> TRY IT
Below are some records. Return exactly their lines from the one containing "American socialite and" through the one containing "Amnistía y Greenpeace", and drop the pictures.

------ DATASET RECORDS

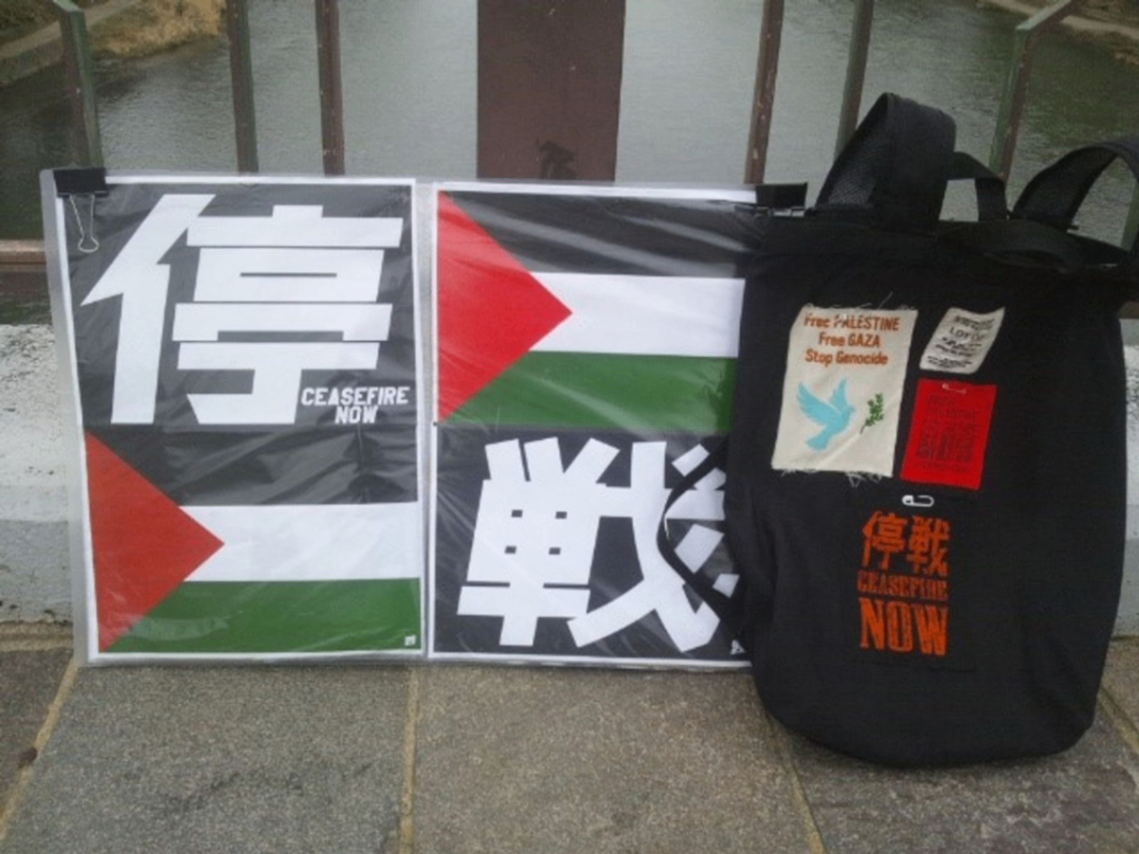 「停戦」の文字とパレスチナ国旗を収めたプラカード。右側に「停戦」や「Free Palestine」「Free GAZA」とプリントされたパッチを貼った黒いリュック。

------------
------ DATASET RECORDS

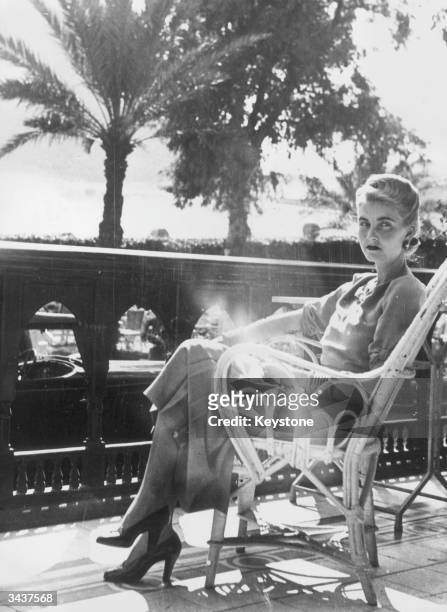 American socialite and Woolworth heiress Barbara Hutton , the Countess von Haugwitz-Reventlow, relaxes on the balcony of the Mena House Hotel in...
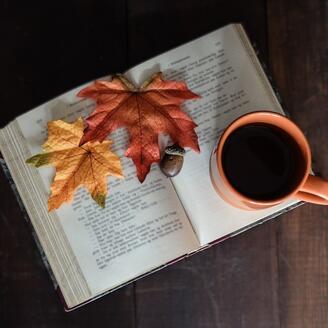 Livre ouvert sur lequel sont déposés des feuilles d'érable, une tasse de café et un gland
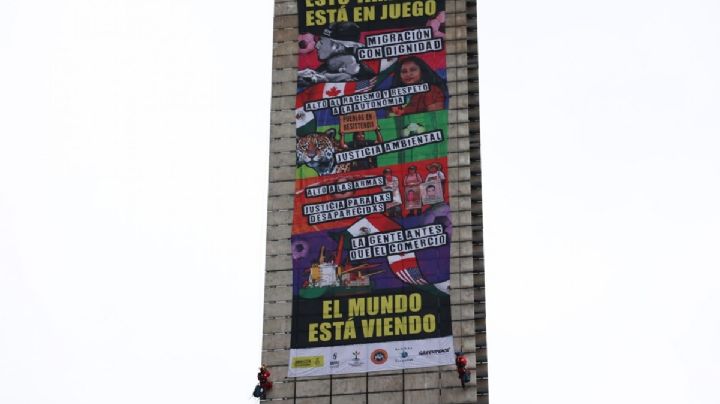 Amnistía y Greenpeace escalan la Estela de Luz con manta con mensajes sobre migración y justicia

------------
------ DATASET RECORDS

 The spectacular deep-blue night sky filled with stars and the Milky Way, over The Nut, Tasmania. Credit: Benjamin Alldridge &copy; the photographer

------------

> RESULT OF THIS TASK
 American socialite and Woolworth heiress Barbara Hutton , the Countess von Haugwitz-Reventlow, relaxes on the balcony of the Mena House Hotel in...
 Livre ouvert sur lequel sont déposés des feuilles d'érable, une tasse de café et un gland
 Amnistía y Greenpeace escalan la Estela de Luz con manta con mensajes sobre migración y justicia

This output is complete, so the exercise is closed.